In statistics, linear regression is a linear approach for modelling the relationship between a response and one or more explanatory variables. It is fairly intuitive and works fairly well in the cases where a linear relationship exists between variables.

Linear regression is a statistical technique used to model the relationship between a dependent variable (also known as the response variable) and one or more independent variables (also known as predictor variables). The goal of linear regression is to find the best linear relationship between the dependent variable and the independent variables.

In simple linear regression, there is only one independent variable. The relationship between the dependent variable and the independent variable can be represented by a straight line, hence the term “linear” regression. The equation for a simple linear regression model is:

Y = a + bX + e

Where:

  • Y is the dependent variable

  • X is the independent variable

  • a is the intercept (the value of Y when X=0)

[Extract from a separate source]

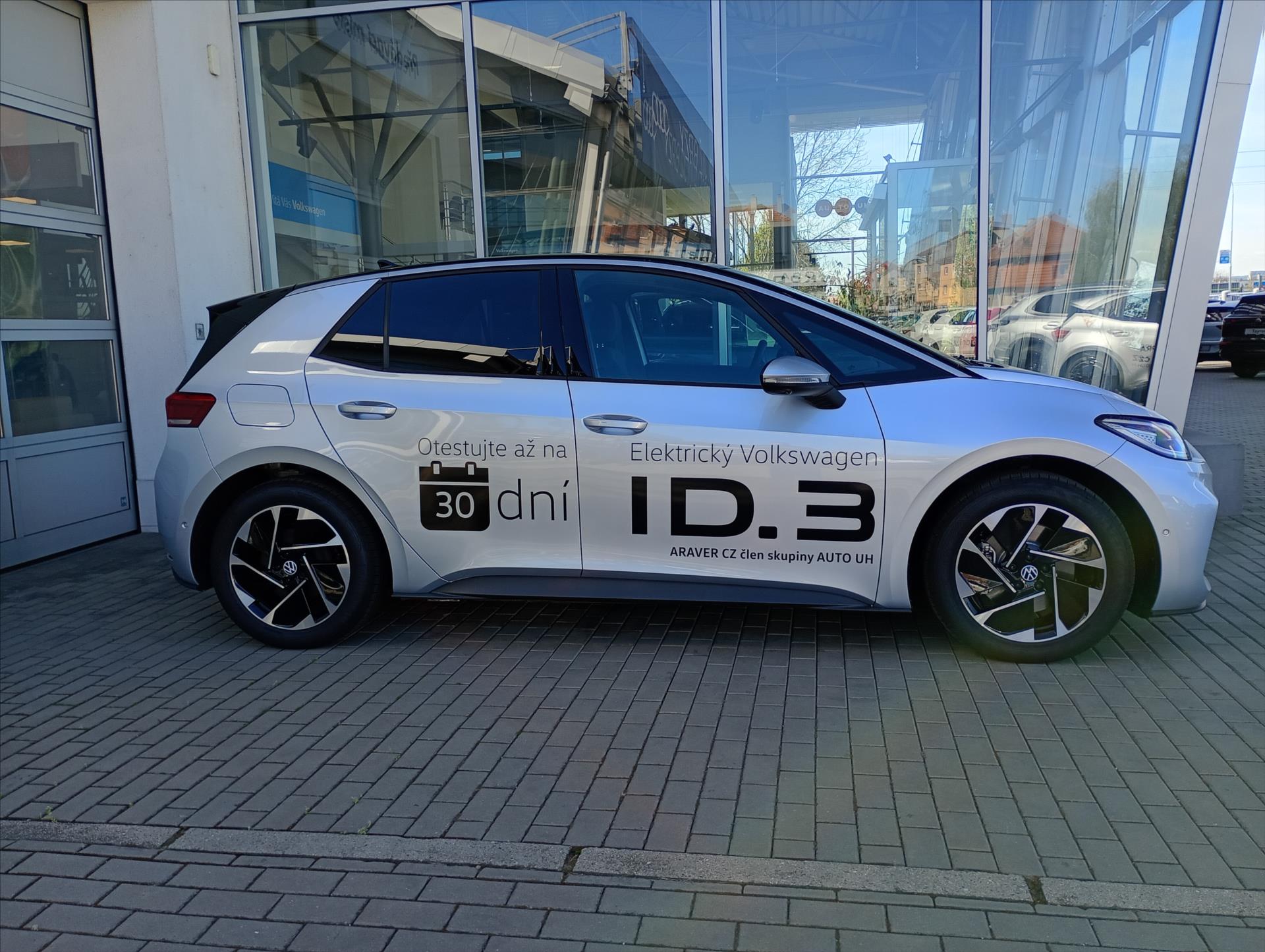 volkswagen-id-3-pro-people-150-kw-59-kwh - 3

  • b is the slope (the change in Y for a one-unit change in X)

  • e is the error term (the difference between the predicted value of Y and the actual value of Y)

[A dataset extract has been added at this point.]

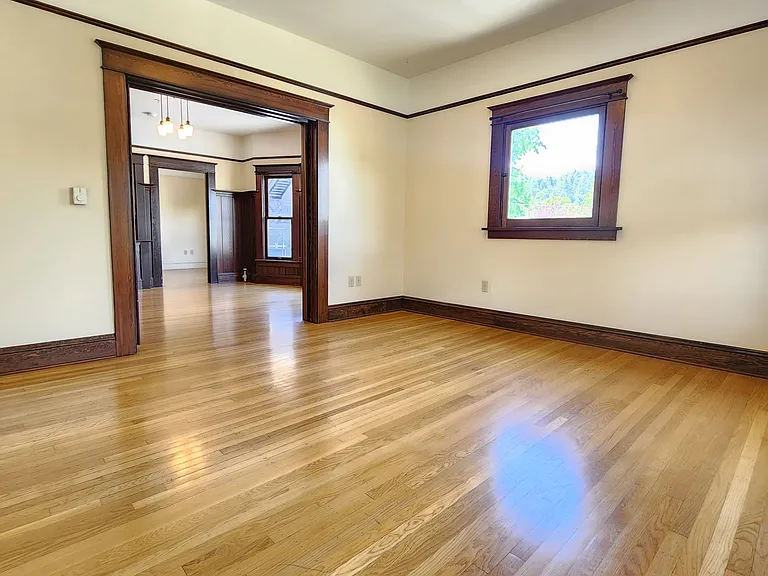 2068 NW Flanders St #3 — Photo 15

In multiple linear regression, there are multiple independent variables. The equation for a multiple linear regression model is similar to the simple linear regression model, but with multiple independent variables:

Y = a + b1X1 + b2X2 + … + bnXn + e

Where:

  • Y is the dependent variable

  • X1, X2, …, Xn are the independent variables

  • a is the intercept

  • b1, b2, …, bn are the slopes

  • e is the error term

To build a linear regression model in R, you can use the lm() function. Here’s an example:

# Load necessary libraries
install.packages('ggplot2')
Installing package into '/cloud/lib/x86_64-pc-linux-gnu-library/4.4'
(as 'lib' is unspecified)
library(ggplot2)

# Load the iris dataset
data(iris)

# Fit a simple linear regression model
model <- lm(Petal.Width ~ Petal.Length, data = iris)

# Show the model summary
summary(model)

Call:
lm(formula = Petal.Width ~ Petal.Length, data = iris)

Residuals:
     Min       1Q   Median       3Q      Max 
-0.56515 -0.12358 -0.01898  0.13288  0.64272 

Coefficients:
              Estimate Std. Error t value Pr(>|t|)    
(Intercept)  -0.363076   0.039762  -9.131  4.7e-16 ***
Petal.Length  0.415755   0.009582  43.387  < 2e-16 ***
---
Signif. codes:  0 '***' 0.001 '**' 0.01 '*' 0.05 '.' 0.1 ' ' 1

Residual standard error: 0.2065 on 148 degrees of freedom
Multiple R-squared:  0.9271,    Adjusted R-squared:  0.9266 
F-statistic:  1882 on 1 and 148 DF,  p-value: < 2.2e-16
# Plot with regression line
ggplot(iris, aes(x = Petal.Length, y = Petal.Width)) +
  geom_point(color = "blue") +
  geom_smooth(method = "lm", se = FALSE, color = "red") +
  labs(title = "Simple Linear Regression: Petal.Length vs Petal.Width",
       x = "Petal Length",
       y = "Petal Width")
`geom_smooth()` using formula = 'y ~ x'

We first load the data and build a simple linear regression model using the lm() function. We then view the summary of the model to see the coefficients, R-squared value, and other statistics. We can then make predictions using the model by creating a new data frame with the independent variable values we want to predict for, and using the predict() function to generate the predicted values.

Final Thought

Be advised that a linear relationship does not always exist between two variables, yet they are related. Linear regression is just one tool of many that can be utilized to describe the reality of your data.